Where better to focus on translating an obscure Latin manuscript than in a remote city, on a remote island, in the Pacific. Could there be anything to take me from my focus? Will I be able to take the Latin words, once full of life, and rejuvenate them? like the novelist whose fertile imagination creates characters on a page? Will my thrust of pen awaken them? Will they submit? Will the original authors creation be well served by my procreation in English? You be the judge.
Translation in progress.
Polygamy
Pastor Don’s Translation of this rare Latin manuscript begins:
“It is neither contrary to the law of Nature, nor in any way, to that of the Gentiles, but rather, most fitting, that if indeed we see the man by nature, thus established: that he may for extended years, beget children, when by one woman such is not the case. Let us remember; God and Nature do nothing in vain. It is clear therefore that this is a talent to be male, therefore entrusted with the task, not for the purpose of storing away in the earth, to make use of the language of Scripture, but in order to gain; and him, to that end [begets]; to whom by God and nature, beggeting is meant to consecrate.”

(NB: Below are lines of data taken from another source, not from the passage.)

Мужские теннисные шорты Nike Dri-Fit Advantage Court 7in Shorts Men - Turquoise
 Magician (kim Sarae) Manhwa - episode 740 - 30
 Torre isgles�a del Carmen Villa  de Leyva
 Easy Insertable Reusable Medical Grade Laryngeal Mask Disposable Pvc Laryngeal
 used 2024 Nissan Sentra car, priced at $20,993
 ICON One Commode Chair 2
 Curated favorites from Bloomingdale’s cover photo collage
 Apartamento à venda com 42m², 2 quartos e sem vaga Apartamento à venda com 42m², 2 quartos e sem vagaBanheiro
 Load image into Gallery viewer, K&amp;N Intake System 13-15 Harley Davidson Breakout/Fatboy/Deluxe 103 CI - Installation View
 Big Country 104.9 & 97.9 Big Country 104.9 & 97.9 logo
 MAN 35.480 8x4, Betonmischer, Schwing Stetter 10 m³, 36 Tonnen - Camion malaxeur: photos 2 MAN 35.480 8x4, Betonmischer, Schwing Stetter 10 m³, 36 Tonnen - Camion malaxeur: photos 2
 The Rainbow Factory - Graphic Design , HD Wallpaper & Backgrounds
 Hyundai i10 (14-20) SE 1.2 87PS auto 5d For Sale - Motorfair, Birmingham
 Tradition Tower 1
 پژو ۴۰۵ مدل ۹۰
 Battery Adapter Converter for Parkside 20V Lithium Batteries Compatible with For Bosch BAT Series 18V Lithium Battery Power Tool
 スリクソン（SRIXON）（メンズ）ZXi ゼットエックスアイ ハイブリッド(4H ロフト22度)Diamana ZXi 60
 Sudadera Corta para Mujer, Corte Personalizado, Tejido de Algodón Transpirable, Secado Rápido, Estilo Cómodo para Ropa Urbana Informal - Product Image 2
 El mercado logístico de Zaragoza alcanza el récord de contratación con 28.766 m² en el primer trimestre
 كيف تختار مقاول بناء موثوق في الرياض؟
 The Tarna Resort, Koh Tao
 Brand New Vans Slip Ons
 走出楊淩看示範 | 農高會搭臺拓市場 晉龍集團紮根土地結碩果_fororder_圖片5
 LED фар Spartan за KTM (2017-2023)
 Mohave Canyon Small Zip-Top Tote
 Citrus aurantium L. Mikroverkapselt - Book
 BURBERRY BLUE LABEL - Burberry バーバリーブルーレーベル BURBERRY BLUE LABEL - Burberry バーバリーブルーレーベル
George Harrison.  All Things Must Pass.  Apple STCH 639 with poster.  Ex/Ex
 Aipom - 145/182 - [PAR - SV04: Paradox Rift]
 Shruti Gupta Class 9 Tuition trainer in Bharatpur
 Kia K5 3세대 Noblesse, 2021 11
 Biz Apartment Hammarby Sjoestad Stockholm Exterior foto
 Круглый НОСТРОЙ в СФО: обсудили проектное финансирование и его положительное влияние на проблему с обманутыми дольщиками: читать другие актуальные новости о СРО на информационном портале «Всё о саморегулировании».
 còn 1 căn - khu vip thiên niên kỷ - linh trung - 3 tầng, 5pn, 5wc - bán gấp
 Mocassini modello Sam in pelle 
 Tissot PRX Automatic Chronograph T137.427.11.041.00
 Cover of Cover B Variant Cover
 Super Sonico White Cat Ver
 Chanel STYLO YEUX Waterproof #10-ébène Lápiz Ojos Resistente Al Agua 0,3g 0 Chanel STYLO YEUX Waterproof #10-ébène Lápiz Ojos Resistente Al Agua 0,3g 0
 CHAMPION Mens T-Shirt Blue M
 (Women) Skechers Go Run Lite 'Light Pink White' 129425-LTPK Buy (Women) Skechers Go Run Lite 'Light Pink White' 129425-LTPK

The author advocates for polygamy through the Parable of the Talents. A man, the author points out, is like a talent, his posterity not to be buried but multiplied. The progeny of which is holy to the Lord as the proceeds of the rightly invested talent was precious to the investor. And what does the Lord say to the servant who multiplies that which was given unto his care?
“Well done, [thou] good and faithful servant: thou hast been faithful over a few things, I will make thee ruler over many things: enter thou into the joy of thy lord.”
See Matthew 25:14-30
Approximately 1000 words of this section remain to be translated.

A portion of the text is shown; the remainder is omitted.